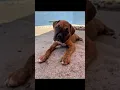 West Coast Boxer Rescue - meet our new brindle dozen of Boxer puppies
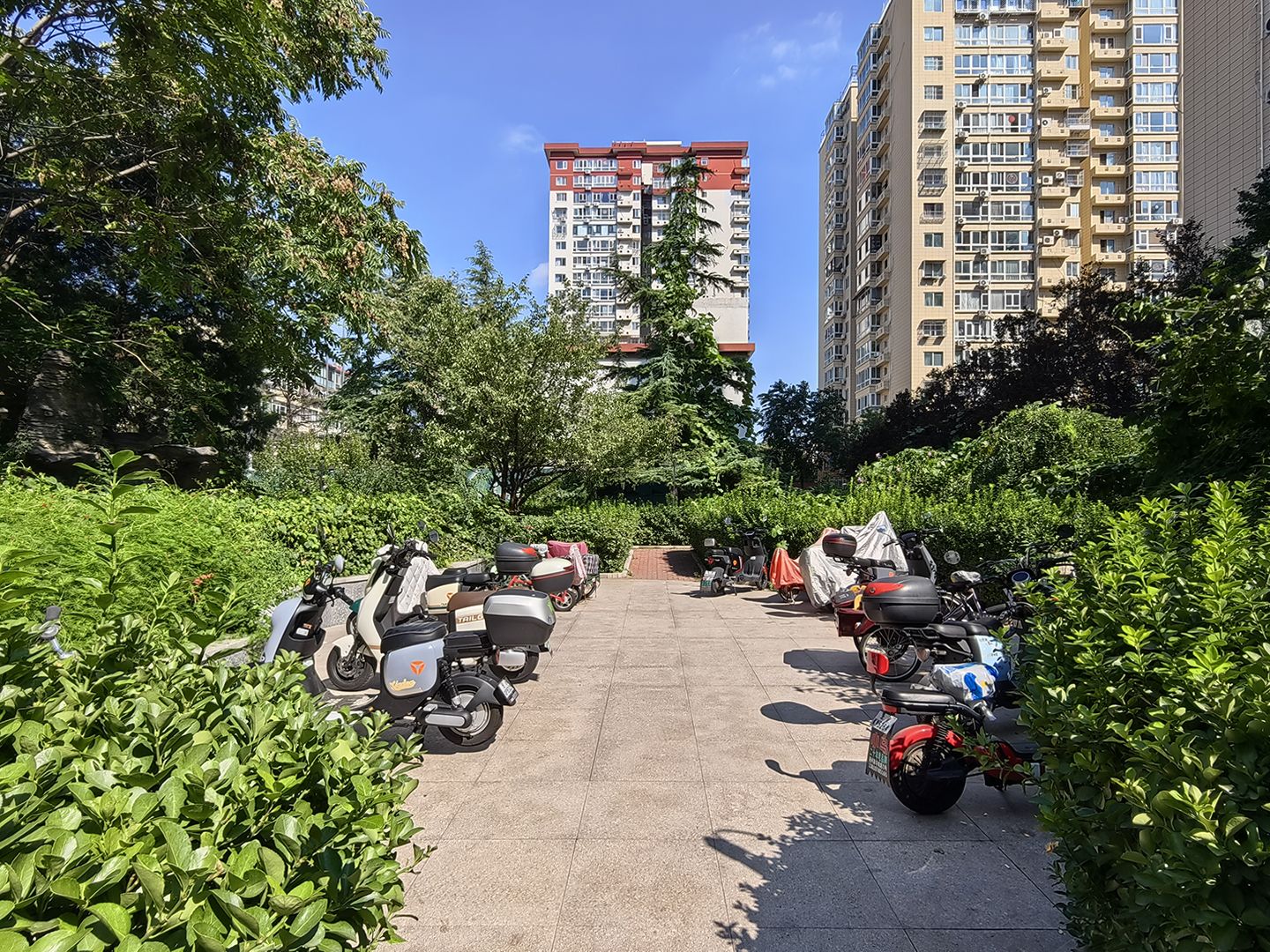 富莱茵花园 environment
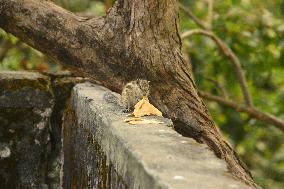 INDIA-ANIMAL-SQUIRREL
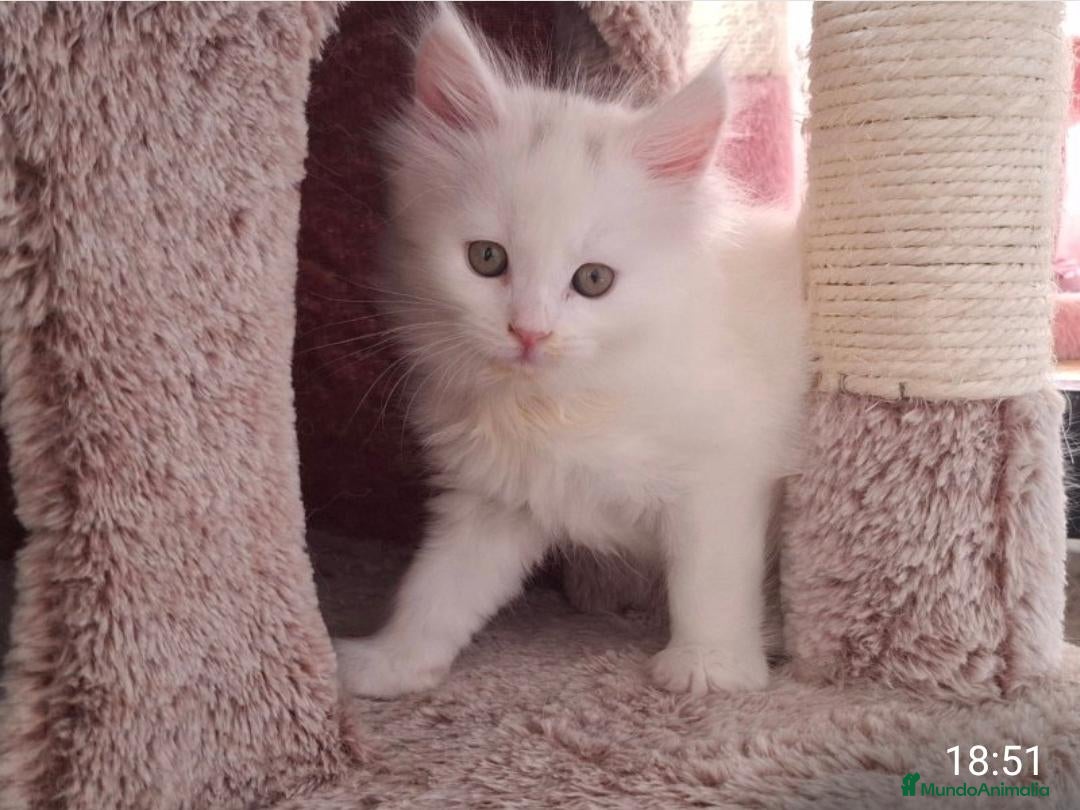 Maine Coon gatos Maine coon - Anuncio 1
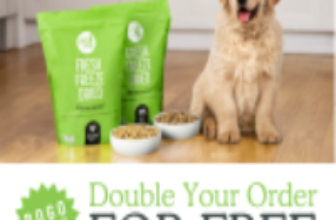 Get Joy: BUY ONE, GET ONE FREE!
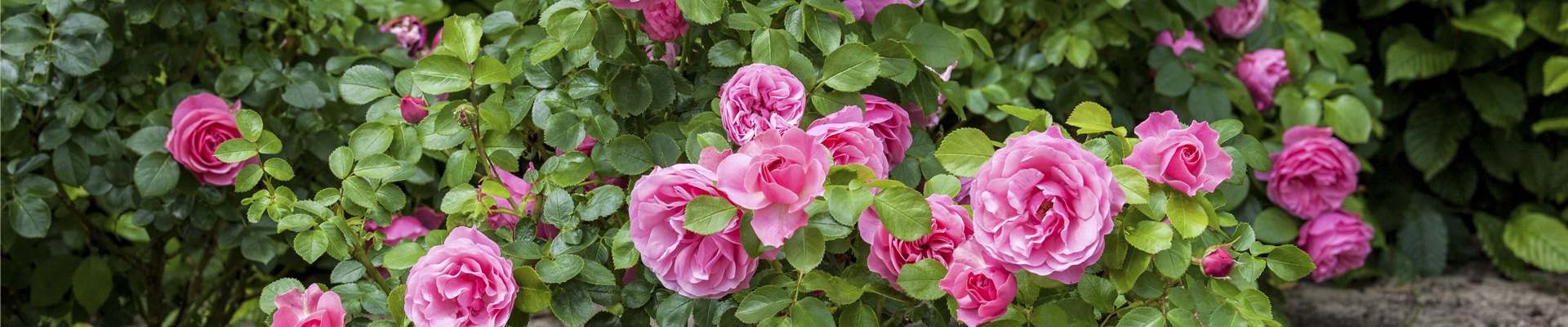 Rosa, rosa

_ _ _ _

Every record above must be copied exactly, and no picture may appear in the copy.

_Solution for this problem_
 West Coast Boxer Rescue - meet our new brindle dozen of Boxer puppies
 富莱茵花园 environment
 INDIA-ANIMAL-SQUIRREL
 Maine Coon gatos Maine coon - Anuncio 1
 Get Joy: BUY ONE, GET ONE FREE!
 Rosa, rosa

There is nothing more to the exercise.